What God Are You Serving?

Sometimes the hardest choice in life is knowing which bridge to cross and which bridge to burn. Consequently, we often waffle and stand still in the middle of the road.

If General Joshua were present today, he would say, “Stop waffling between two opinions. Because of God’s mercy, pledge your allegiance to serve God alone. Count the cost and mean what you say. But make a decision. Today!” That is the message Joshua delivered to the people of Israel in the last chapter of his book.

Nearing his death at the age of 110, Joshua gathered the people of Israel together at Shechem (Joshua 24:1). Shechem was a place where commitment and significant decisions were made. God promised the land to Abraham (Genesis 12:6) and Abraham responded by building an altar here (Genesis 12:8). Jacob buried the family idols at Shechem and recommitted himself to following God (Genesis 35:4). Joshua and Israel reconfirmed their commitment to the law at Shechem (Joshua 8:30-32).

Joshua encouraged Israel to remember the evidence of God’s mercy (24:2-13). Joshua mentioned four specific examples of God’s mercy and protection. He spoke of how God called Abraham out of idolatry, introduced him to the land of Canaan, and multiplied his descendants (2-4). God delivered Israel out of bondage and oppression in Egypt (5-7). God gave the Amorites into the hands of the Israelites. He turned the curses of Balak and Balaam into blessings (8-10). Lastly, Joshua explained that the Promised Land was not conquered by weapons, but by the power of God (11-13). Joshua’s emphasis was that we must recognize what God has done in order to appreciate the choice laid before us.

The overwhelming evidence of God’s grace placed Israel under obligation to serve the Lord exclusively. Just in case we might miss the point, Joshua uses the word “serve” seven times in verse 14-15. He presented a powerful, logical, and compelling argument. If this God, who acted as he did in space, time, and history for his people, calls for commitment, then commitment becomes the only logical and rational thing to do.

C.T. Studd, the famous English cricket player, gave away his vast wealth and became a missionary in 1885. His slogan was, “If Jesus Christ be God, and died for me, then no sacrifice can be too great for me to make for him.”

Joshua drew a line in the sand and challenged Israel to make a commitment. The people responded with wholehearted agreement (16-18). Joshua encouraged them to count the cost and to mean what they said (19-24).

Joshua established two witnesses for the commitments that were made that day (25-28). One was a written record of what took place. The second was a monument that would remind future generations. Both served to remind the people of what God had done.

The chapter and book close with three burials—Joshua, the bones of Joseph, and Eleazar, the high priest. All three demonstrate the joy of finishing well.

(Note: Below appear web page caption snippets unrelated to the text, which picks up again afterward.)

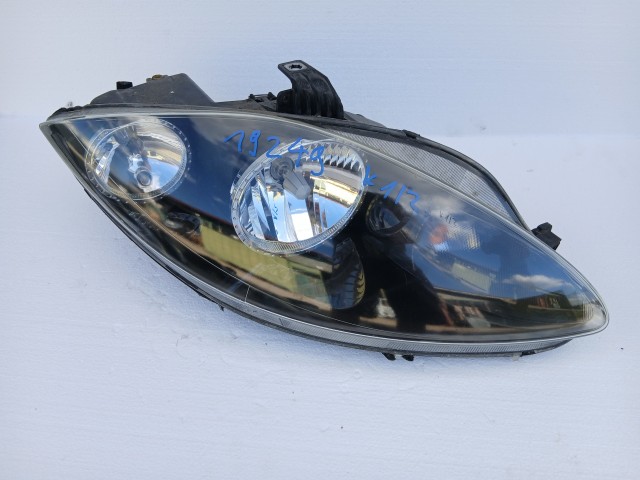 19249 Seat Altea 5P 2004 Jobb első Lámpa Fényszóró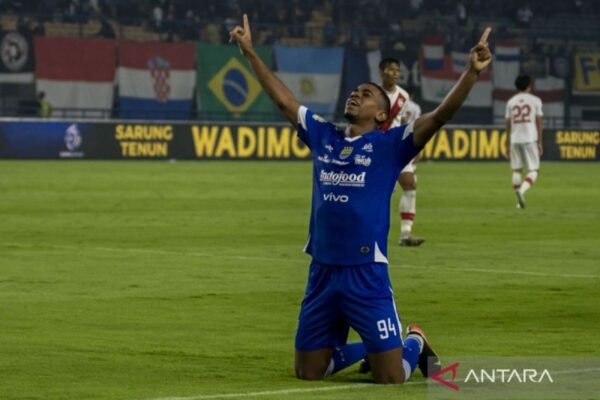 Persib Bandung Cukur Persis Solo 2-0 dengan Performa Gemilang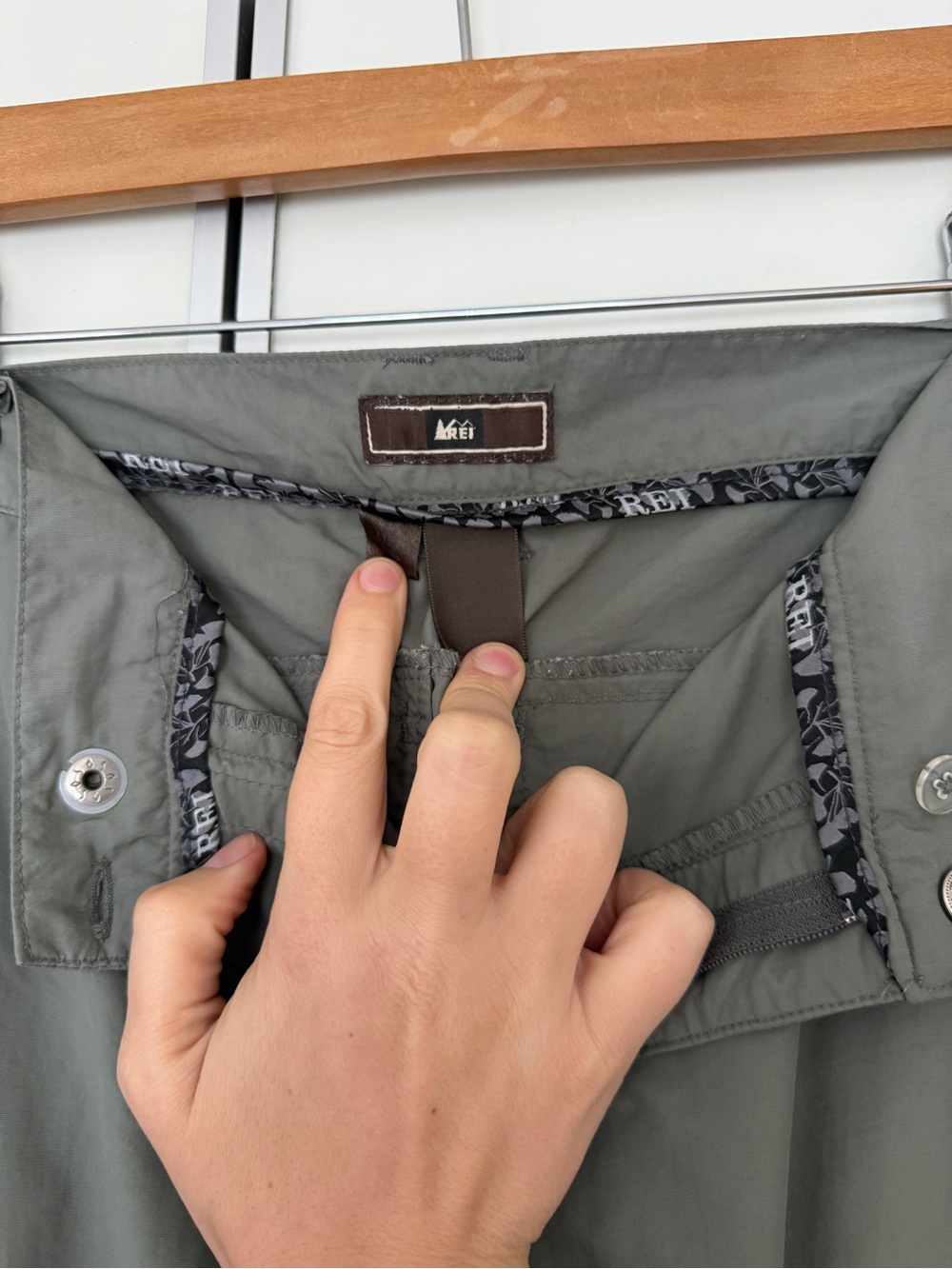 REI Convertible Hiking Pants Shorts - Picture 4 of 6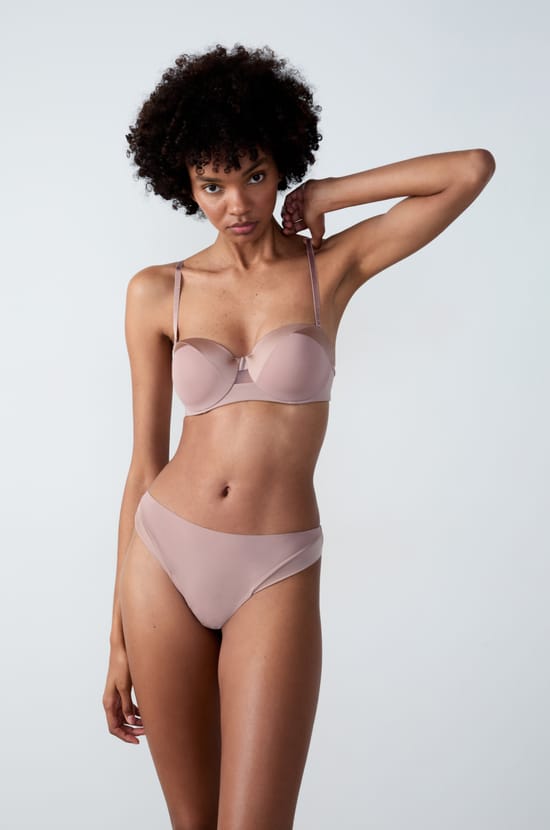 Tanga en microfibre satiné;${refinementColor}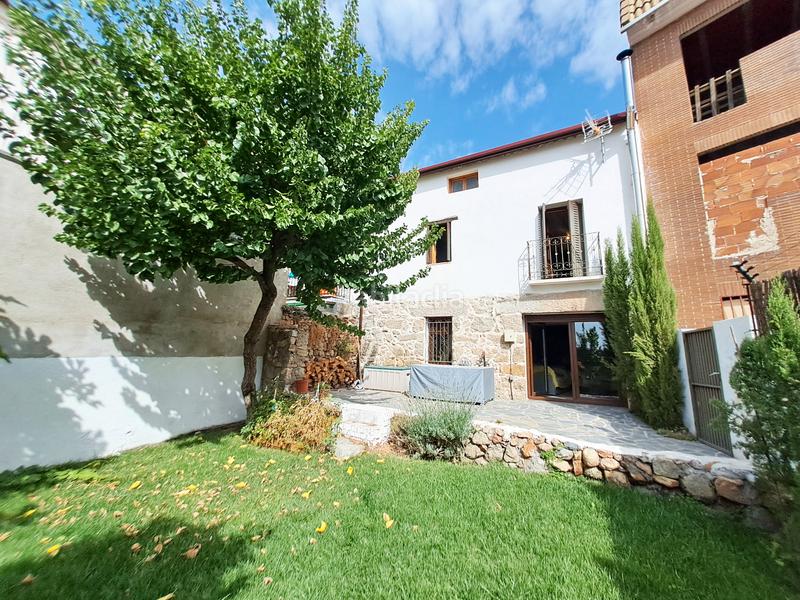 Foto 4e7a582d-961e-429a-b4dd-e02ee38fc840. Casa adosada casa de pueblo en hoyo de pinares. reformada completamente. en Hoyo de Pinares (El)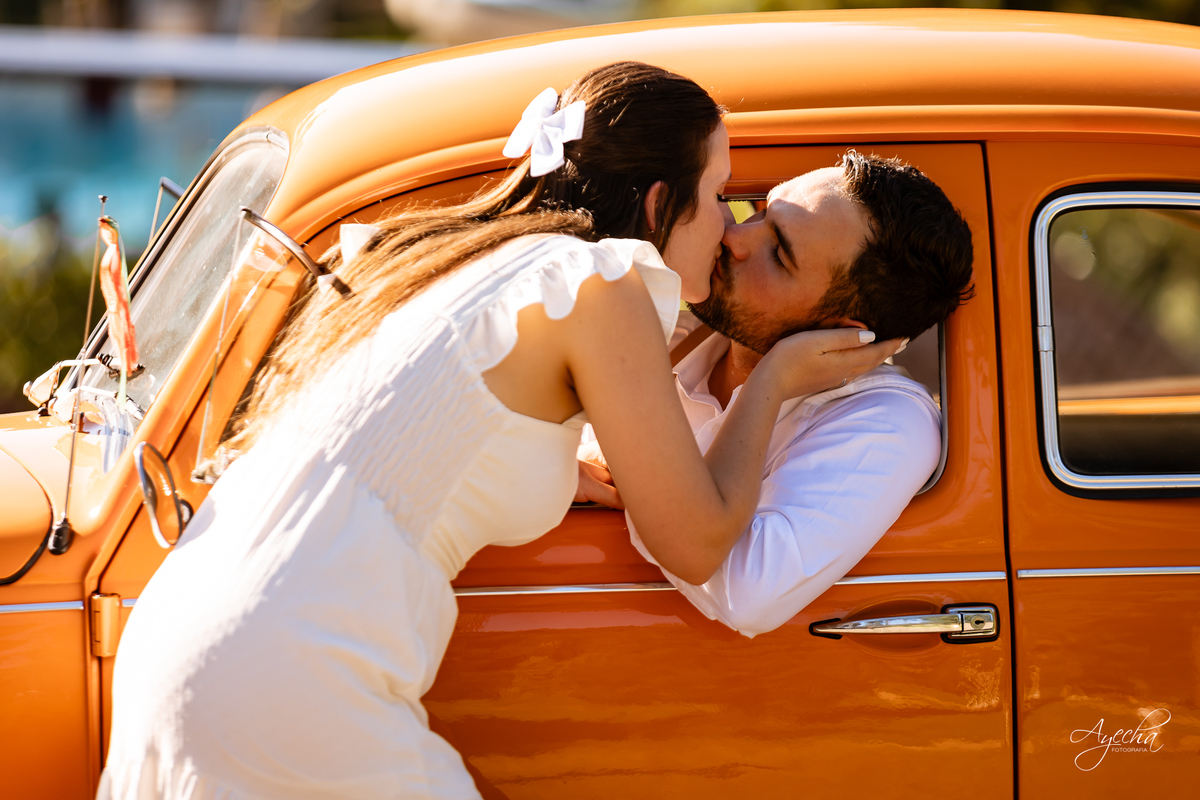 pré wedding Curitiba, ensaio pré-casamento Campo Largo, fotógrafo pré wedding Curitiba, fotos casal retrô, fusca ensaio fotográfico, fotógrafo Campo Largo, fotos casamento Curitiba, ensaio noivo noiva Curitiba, fotos criativas Curitiba, ensaio capela Curi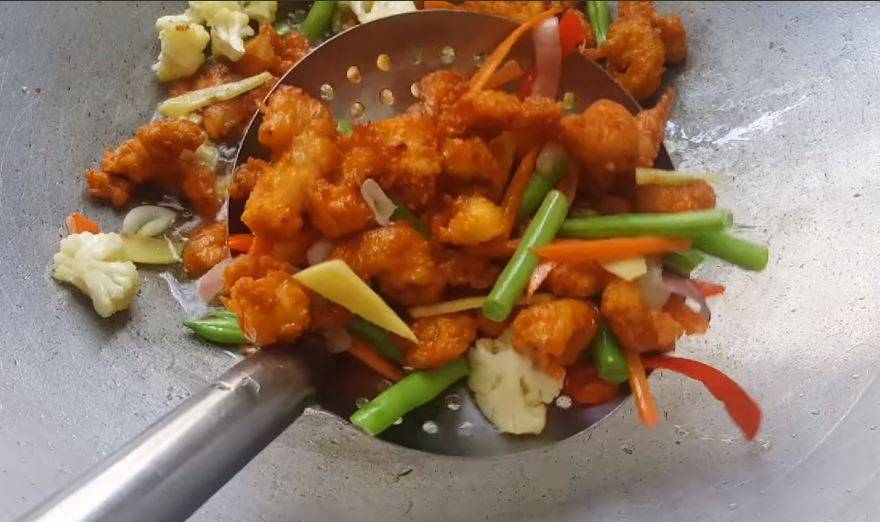 Cara Masak Ayam Goreng Kunyit Sedap Macam Dekat Kedai. Mudah Je Rupanya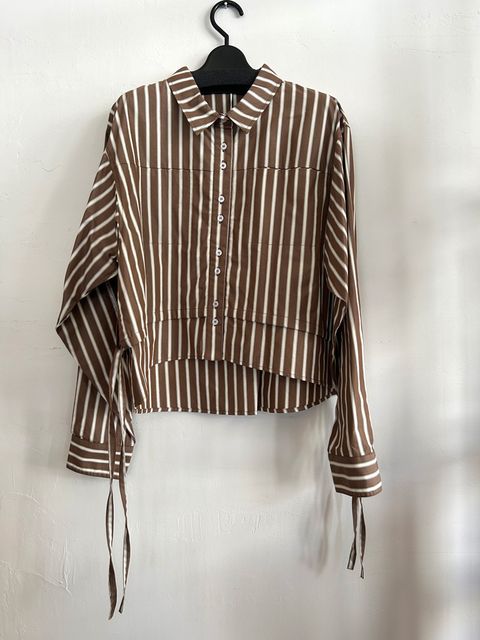 ストライプバックプリントシャツ ベージュ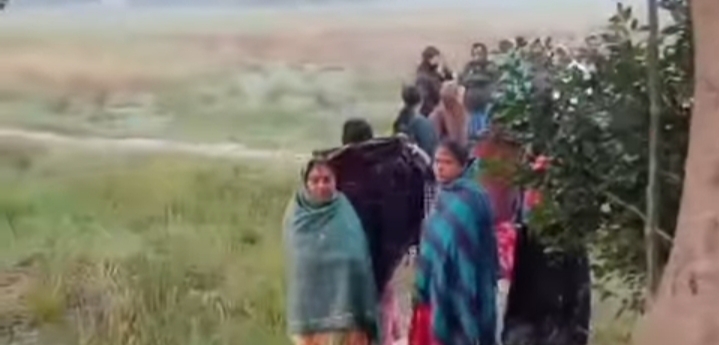 दासपुर में कृष्णमंदिर में जुटे ग्रामवासी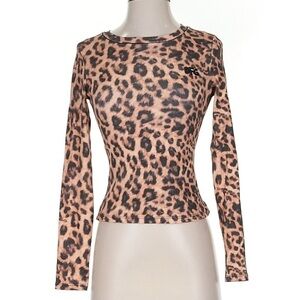 New Leopard print thermal top all sizes available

What are the gods that you have to choose between? What are the siren songs that call your name? Do you feel the pressure to cheat to stay competitive on the playing field, in the classroom, or in the boardroom? Do you find yourself sacrificing family events because of the demands of your career? Have you made your family into an idol and made pleasure and fulfillment the god you serve? Have you succumbed to the temptation to base your worth on possessions and material things?

Choose this day whom you will serve. Will you serve the gods of this world or the one who gave his life for you? Choose this day whom you will serve.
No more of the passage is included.